After instructing advisers to draw up plans for an independent presidential bid earlier this year, today former New York City mayor Michael Bloomberg has just made official his plans NOT to run for president this year. The reason: he believes he could not win. Moreover, Bloomberg feels his candidacy could lead to the election of Donald Trump or Senator Ted Cruz.
Via Bloomberg View:
Over the last several months, many Americans have urged me to run for president as an independent, and some who don’t like the current candidates have said it is my patriotic duty to do so. I appreciate their appeals, and I have given the question serious consideration. The deadline to answer it is now, because of ballot access requirements.
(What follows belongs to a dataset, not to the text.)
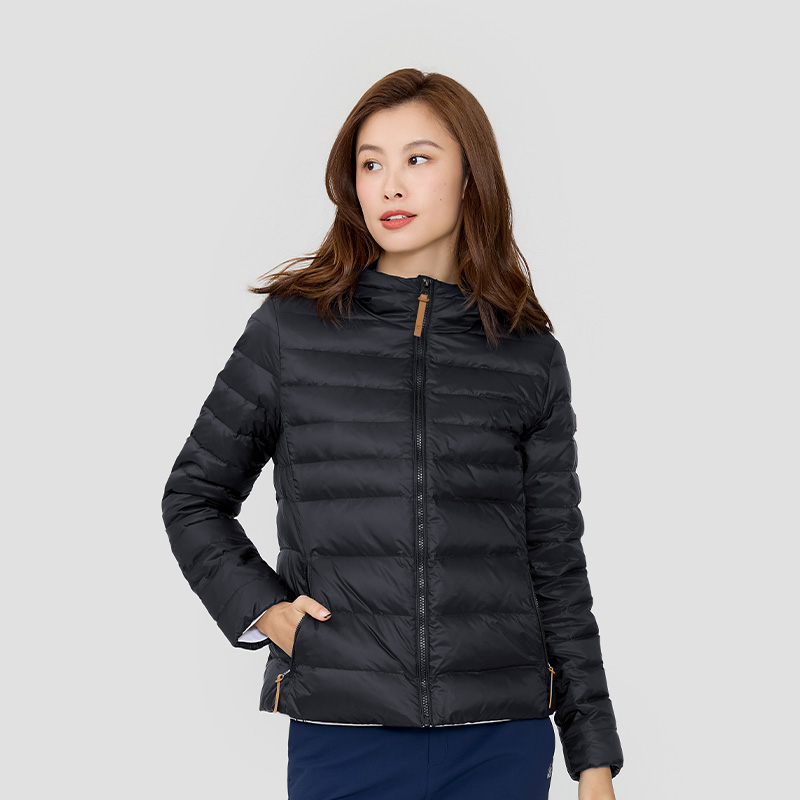(Women) Lafuma  700-Fill Packable Lightweight Down Jacket Hoodie Travel Series. LFJU4CY60 圖 11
I’ve always been drawn to impossible challenges, and none today is greater or more important than ending the partisan war in Washington and making government work for the American people — not lobbyists and campaign donors. Bringing about this change will require electing leaders who are more focused on getting results than winning re-election, who have experience building small businesses and creating jobs, who know how to balance budgets and manage large organizations, who aren’t beholden to special interests — and who are honest with the public at every turn. I’m flattered that some think I could provide this kind of leadership.
But when I look at the data, it’s clear to me that if I entered the race, I could not win. I believe I could win a number of diverse states — but not enough to win the 270 Electoral College votes necessary to win the presidency.
In a three-way race, it’s unlikely any candidate would win a majority of electoral votes, and then the power to choose the president would be taken out of the hands of the American people and thrown to Congress. The fact is, even if I were to receive the most popular votes and the most electoral votes, victory would be highly unlikely, because most members of Congress would vote for their party’s nominee. Party loyalists in Congress — not the American people or the Electoral College — would determine the next president.
As the race stands now, with Republicans in charge of both Houses, there is a good chance that my candidacy could lead to the election of Donald Trump or Senator Ted Cruz. That is not a risk I can take in good conscience.
Bloomberg is certainly right about one thing here, that a third-party candidate is only likely to hurt one of the primary parties’ chances of winning the election. Which is exactly the only reason why many of us would have remotely applauded Bloomberg’s entrance to the race.